A new career map, Careers in Climate Control Technology, provides a first-of-its-kind interactive, visual tool to showcase the employment opportunities that exist in the swiftly growing HVAC/R industry – Heating, Ventilation, Air Conditioning and Refrigeration.
The challenge is that HVAC/R training programs at community colleges and other institutions struggle to get students interested in their programs. This new career map offers a powerful tool that can be used by educators, career advisors, students, military veterans, employers, policy makers, workforce professionals and others to see the wide variety of high-quality jobs that exist in the industry. It also illustrates how advancement is possible after just a few years of experience.

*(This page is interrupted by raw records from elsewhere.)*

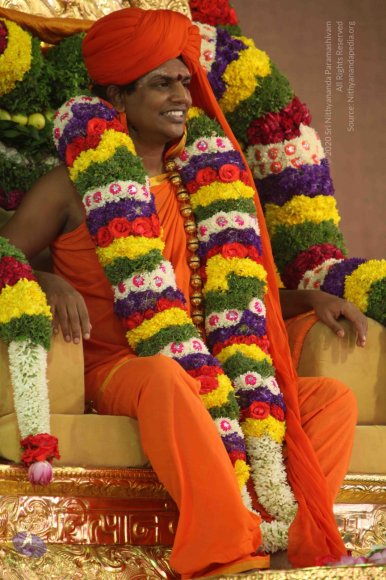 5-Nithya-Satsang_Photo_1017_IMG_3394_CMP_WM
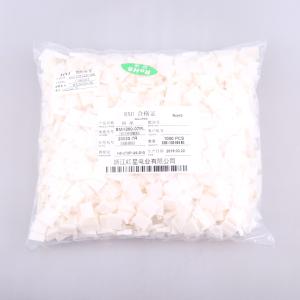 HX20020-7R商品缩略图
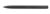 PENTEL – Energel High-Class Luxury Refillable Pen, Smooth Writing and Fast Drying, Black Ink, Presented in Gift Box.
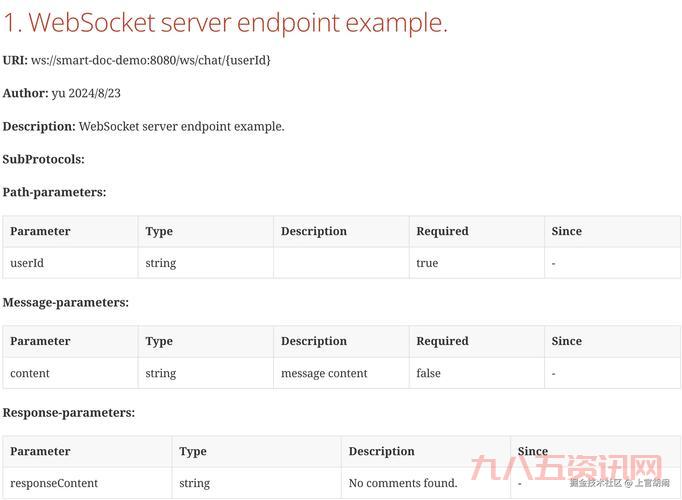 想要免费的smartftp 注册码？告诉你一些靠谱途径！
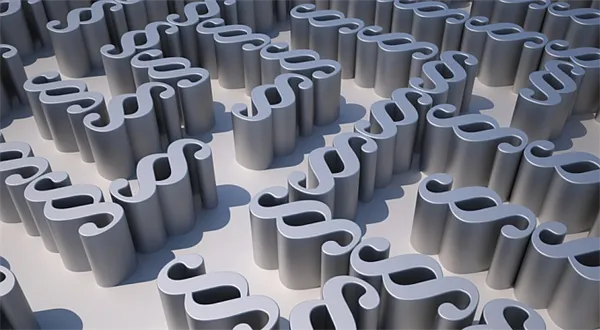 Otevřený dopis Petra Borkovce poslanci Ladislavu Šinclovi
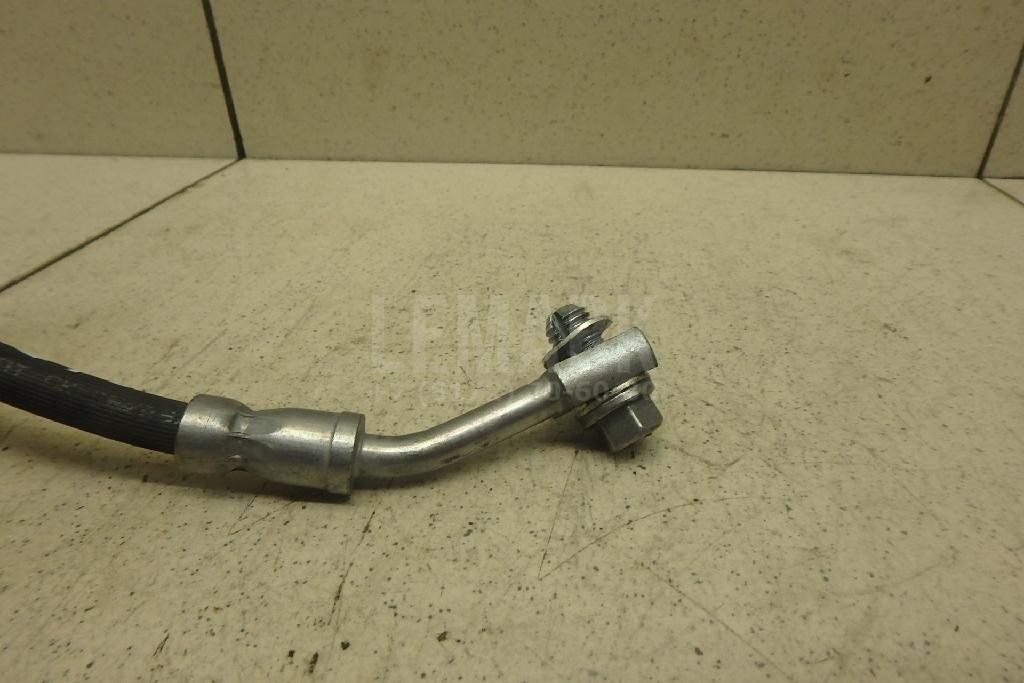 Шланг тормозной задний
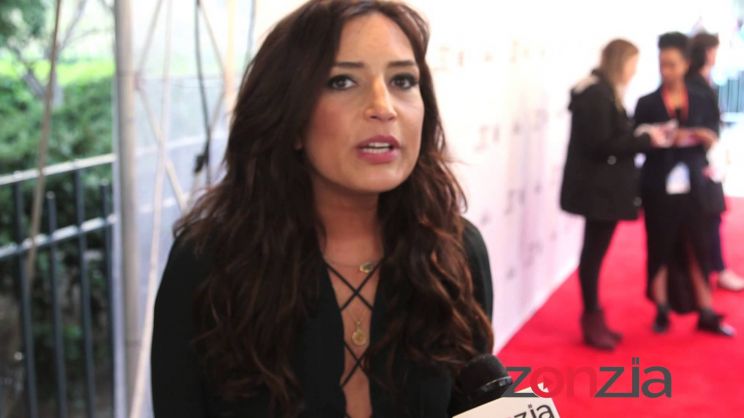 Reed Morano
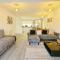 Premium CITY APARTMENT near Harry Potter Studio and Luton Airport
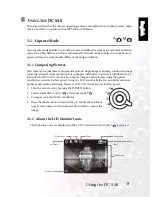 Preview for 15 page of BenQ DC S40 User Manual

The map identifies five sectors within the industry – residential, commercial, sales and marketing, automated controls, and design and engineering. It highlights 40 jobs and more than 150 advancements between those jobs and across sectors.
Created by the Interstate Renewable Energy Council (IREC) in conjunction with Santa Rosa Junior College, the jobs and job details are focused on the California market, but are applicable across the U.S.
“The Careers in Climate Control Technology map explores an industry exploding with job opportunities in heating, air conditioning and refrigeration technologies, describing diverse occupations across the industry, the multitude of advancement routes (over 150) between jobs and sectors, and identifying the sorts of credentials necessary to do these jobs well,” explains Joe Sarubbi, project coordinator for IREC.
“I recently had a chance to see the Careers in Climate Control Technology Map presented at the California Community College Association for Occupational Education (CCCAOE) Conference,” said Tina Dodson, director of workforce programs at Santa Rosa Junior College. “The excitement in the room was palpable. Educators and career counselors are in desperate need of tools like this career map – tools that show the real job opportunities that exist in trade industries like the HVAC/R industry.”
“The map includes a section on ‘green’ or clean energy jobs within the industry,” adds Sarubbi, “jobs with a mission to design, build and operate high-quality, healthier and more energy-efficient homes and commercial or industrial buildings.”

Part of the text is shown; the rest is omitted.